Clin Res Cardiol (2022). https://doi.org/10.1007/s00392-022-02002-5

The Influence of Lipoprotein(a) on Aortic Valve Calcification in Patients undergoing Transcatheter Aortic Valve Implantation
M. Miller1, M. Gercek1, J. Gilis-Januszewski1, V. Rudolph1, K.-P. Mellwig1, T. K. Rudolph1
1Allgemeine und Interventionelle Kardiologie/Angiologie, Herz- und Diabeteszentrum NRW, Bad Oeynhausen;

Background There is evidence that elevated plasma Lipoprotein a [Lp(a)] plays an essential role as an independent, likely causal and heritable risk factor for cardiovascular diseases (CVD) and calcific aortic valve stenosis (CAVS), especially amongst patients with mild to moderate CAVS. However, the importance of Lp(a) as a risk factor for aortic valve calcification (AVC) in patients undergoing transcatheter aortic valve implantation (TAVI) remains unclear.

Objectives The aim of this study is to determine the influence of Lp(a) on the amount of AVC amongst patients undergoing TAVI.

Methods A total of 513 patients who underwent TAVI in the period from August 2019 to June 2020 were included in this prospective study. Because of missing data or already existing aortic valve protheses, the data of 454 patients was left for the purpose of statistical analysis. Plasma Lp(a) levels were measured in mg/dl by immunoassay and the amount of AVC in mm³ was assessed by 3Mensio Structural Heart™ software. The Lp(a) threshold was determined as 60 mg/dl.
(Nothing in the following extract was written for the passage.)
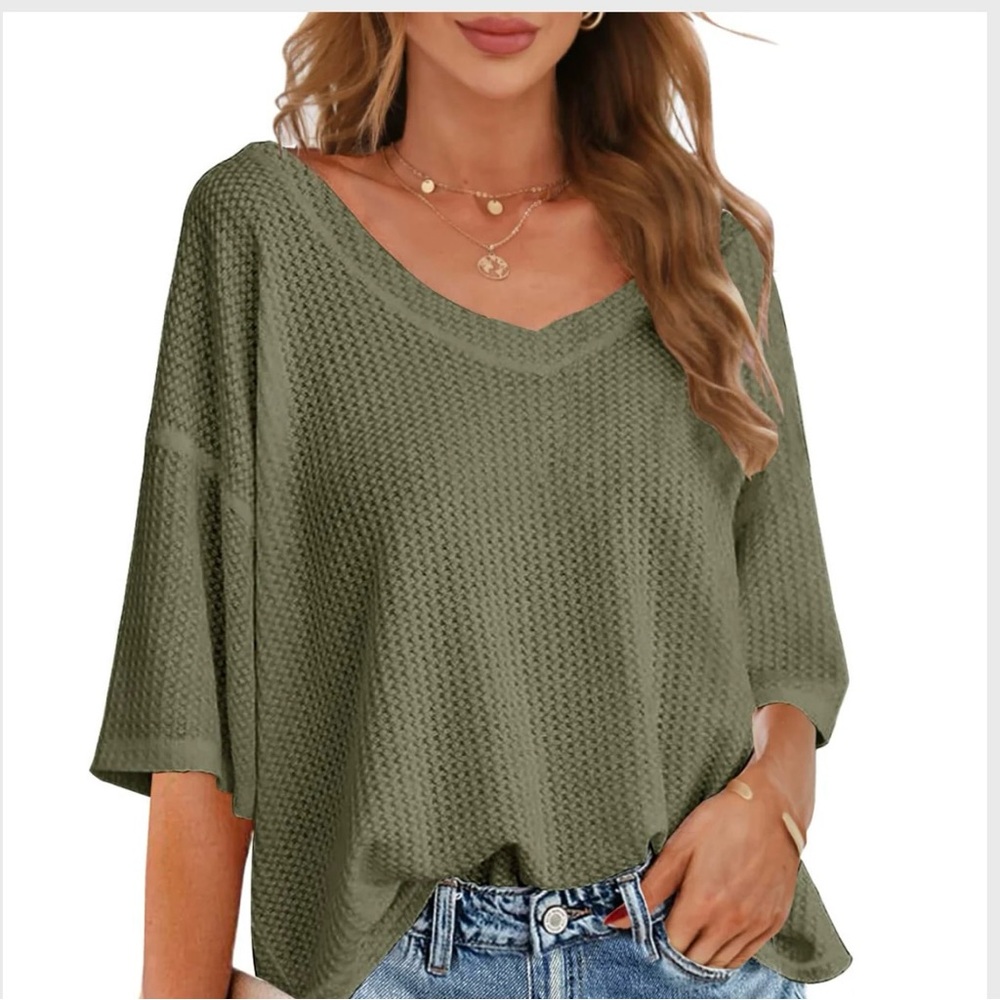 Merokeety Women's Small V-Neck Waffle Knit Top - Olive Green - Picture 2 of 8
Results The study group consists of 243 men (53.5 %) and 211 women (46.5 %) at an average age of 81 ± 6 years. 102 (22.5 %) patients have plasma Lp(a) levels ≥ 60 mg/dl and 353 (77.5 %) < 60 mg/dl. The median amount of AVC is 894.5 mm³ [interquartile range (IQR) 812 mm³ [570.75 mm³, 1382.75 mm³]]. Mann-Whitney-U-tests show no significant differences between patients with elevated and below-threshold Lp(a) levels regarding the median quantity of AVC (p = 0.831 for total group; p = 0.731 for men; p = 0.696 for women), but a significant difference when divided by gender [p < 0.001; median AVC 1101 mm³ (IQR 779 mm³ [774 mm³, 1553 mm³]) for men; 645 mm³ (IQR 628 mm³ [420 mm³, 1048 mm³]) for women]. On the contrary, the Lp(a) levels in both gender groups are comparable [p = 0.351; median Lp(a) 17 mg/dl (IQR 39 mg/dl [6 mg/dl, 45 mg/dl]) for men; 16 mg/dl (IQR 56 mg/dl [7 mg/dl, 63 mg/dl]) for women]. Furthermore, Spearman´s Rho indicates no significant correlation between Lp(a) levels and the calcification volume (p = 0.434). Age, 30-day mortality and in-hospital mortality or functional aortic valve measurements [e. g. aortic valve gradients (AVG) or aortic valve area (AVA)] were not different in patients with low or high Lp(a) levels.

Conclusions The data of this study implies no significant influence of Lp(a) on AVC amongst patients planned for TAVI. In total the calcification amount within the male group was significantly higher than in the female group. The results help to limit the importance of Lp(a) as a risk factor for CAVS amongst older patients with severe aortic stenosis. Additionally, elevated plasma Lp(a) levels show no influence on 30-day mortality or in-hospital mortality in this study group.